Dicaprio, being Dicaprio, and Jennifer Lawrence (actually good here! Normally I can't stand her, but I actually kinda liked her here!) are two "physicists" (in the unrealistic hot Hollywood sorta way) who spot a comet. Hurtling towards the earth. Which no one takes seriously. Caricature President Meryl Streep (having a blast as a Trumpian Sarah Palin) dismisses them, then begrudgingly accepts the situation, half-assedly makes an attempt to fire the rockets before backtracking instantly for capitalistic purposes, and goes back to her denial, there's-no-problem-here routine. Jonah Hill, being Jonah Hill, bumbles around as her son/secretary of state (stick around for the droll post-credit sequence). Mark Rylance, the best part of the movie, as a high-functioning autistic Steve Jobs brought it all together with some of the funniest gags.

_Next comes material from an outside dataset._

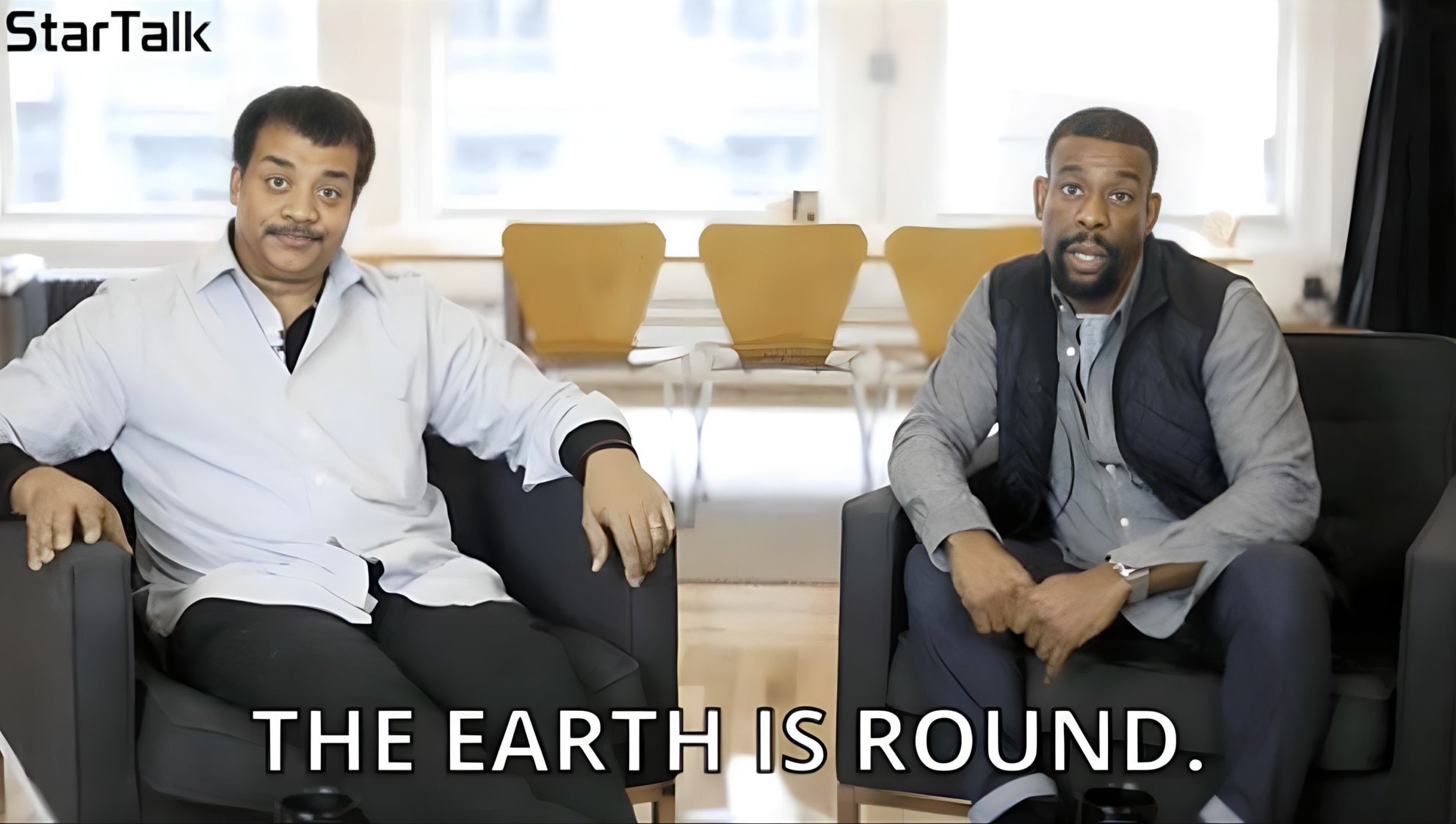 two people sitting chairs with text, the earth is round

Though nowhere near The Big Short or Vice in this era of the "new", improved, more serious Adam McKay, Don't Look Up is still a far cry above the director's abysmally horrid, cheaply unfunny 2000's output where he was essentially aping those awful Judd Apatow "comedies" that dominated the era. As of now - for me - Don't Look Up sits at a decent third place amongst McKay's inconsistent, mixed-bag filmography. Not bad, not great, a slight, pleasantly-mid end-of-the-world dark comedy that's, at the very least, more decent than most Netflix-distributed content.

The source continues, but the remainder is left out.